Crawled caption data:
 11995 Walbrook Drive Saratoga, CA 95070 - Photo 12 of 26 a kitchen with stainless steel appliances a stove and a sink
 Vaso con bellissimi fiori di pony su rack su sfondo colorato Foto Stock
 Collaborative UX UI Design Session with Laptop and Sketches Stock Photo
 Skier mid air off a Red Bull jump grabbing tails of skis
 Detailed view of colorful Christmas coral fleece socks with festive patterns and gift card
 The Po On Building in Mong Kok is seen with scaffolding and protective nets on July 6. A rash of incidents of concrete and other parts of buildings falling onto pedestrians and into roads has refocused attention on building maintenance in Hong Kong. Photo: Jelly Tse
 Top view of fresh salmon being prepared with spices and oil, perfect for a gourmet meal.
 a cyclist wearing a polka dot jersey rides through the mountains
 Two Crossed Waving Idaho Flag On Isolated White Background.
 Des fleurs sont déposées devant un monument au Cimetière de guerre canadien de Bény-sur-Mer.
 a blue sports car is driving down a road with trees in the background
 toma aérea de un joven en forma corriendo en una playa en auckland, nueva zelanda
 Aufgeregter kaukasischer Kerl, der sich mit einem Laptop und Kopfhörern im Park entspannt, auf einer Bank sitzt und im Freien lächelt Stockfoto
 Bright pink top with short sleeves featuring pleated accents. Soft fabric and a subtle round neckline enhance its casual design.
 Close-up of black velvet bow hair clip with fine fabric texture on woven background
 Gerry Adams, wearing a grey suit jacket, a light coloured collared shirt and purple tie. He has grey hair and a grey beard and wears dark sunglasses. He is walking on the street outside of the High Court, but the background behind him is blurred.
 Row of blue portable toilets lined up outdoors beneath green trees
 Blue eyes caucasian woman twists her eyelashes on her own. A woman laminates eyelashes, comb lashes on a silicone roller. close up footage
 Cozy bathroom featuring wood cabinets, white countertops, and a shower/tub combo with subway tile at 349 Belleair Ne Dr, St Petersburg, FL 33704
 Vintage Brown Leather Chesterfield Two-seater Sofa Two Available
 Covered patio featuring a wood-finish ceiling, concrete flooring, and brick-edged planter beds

§ **WHAT YOU NEED TO DO**:
Please give all of the entries again, exactly as written.

§ **ANSWER**:
 11995 Walbrook Drive Saratoga, CA 95070 - Photo 12 of 26 a kitchen with stainless steel appliances a stove and a sink
 Vaso con bellissimi fiori di pony su rack su sfondo colorato Foto Stock
 Collaborative UX UI Design Session with Laptop and Sketches Stock Photo
 Skier mid air off a Red Bull jump grabbing tails of skis
 Detailed view of colorful Christmas coral fleece socks with festive patterns and gift card
 The Po On Building in Mong Kok is seen with scaffolding and protective nets on July 6. A rash of incidents of concrete and other parts of buildings falling onto pedestrians and into roads has refocused attention on building maintenance in Hong Kong. Photo: Jelly Tse
 Top view of fresh salmon being prepared with spices and oil, perfect for a gourmet meal.
 a cyclist wearing a polka dot jersey rides through the mountains
 Two Crossed Waving Idaho Flag On Isolated White Background.
 Des fleurs sont déposées devant un monument au Cimetière de guerre canadien de Bény-sur-Mer.
 a blue sports car is driving down a road with trees in the background
 toma aérea de un joven en forma corriendo en una playa en auckland, nueva zelanda
 Aufgeregter kaukasischer Kerl, der sich mit einem Laptop und Kopfhörern im Park entspannt, auf einer Bank sitzt und im Freien lächelt Stockfoto
 Bright pink top with short sleeves featuring pleated accents. Soft fabric and a subtle round neckline enhance its casual design.
 Close-up of black velvet bow hair clip with fine fabric texture on woven background
 Gerry Adams, wearing a grey suit jacket, a light coloured collared shirt and purple tie. He has grey hair and a grey beard and wears dark sunglasses. He is walking on the street outside of the High Court, but the background behind him is blurred.
 Row of blue portable toilets lined up outdoors beneath green trees
 Blue eyes caucasian woman twists her eyelashes on her own. A woman laminates eyelashes, comb lashes on a silicone roller. close up footage
 Cozy bathroom featuring wood cabinets, white countertops, and a shower/tub combo with subway tile at 349 Belleair Ne Dr, St Petersburg, FL 33704
 Vintage Brown Leather Chesterfield Two-seater Sofa Two Available
 Covered patio featuring a wood-finish ceiling, concrete flooring, and brick-edged planter beds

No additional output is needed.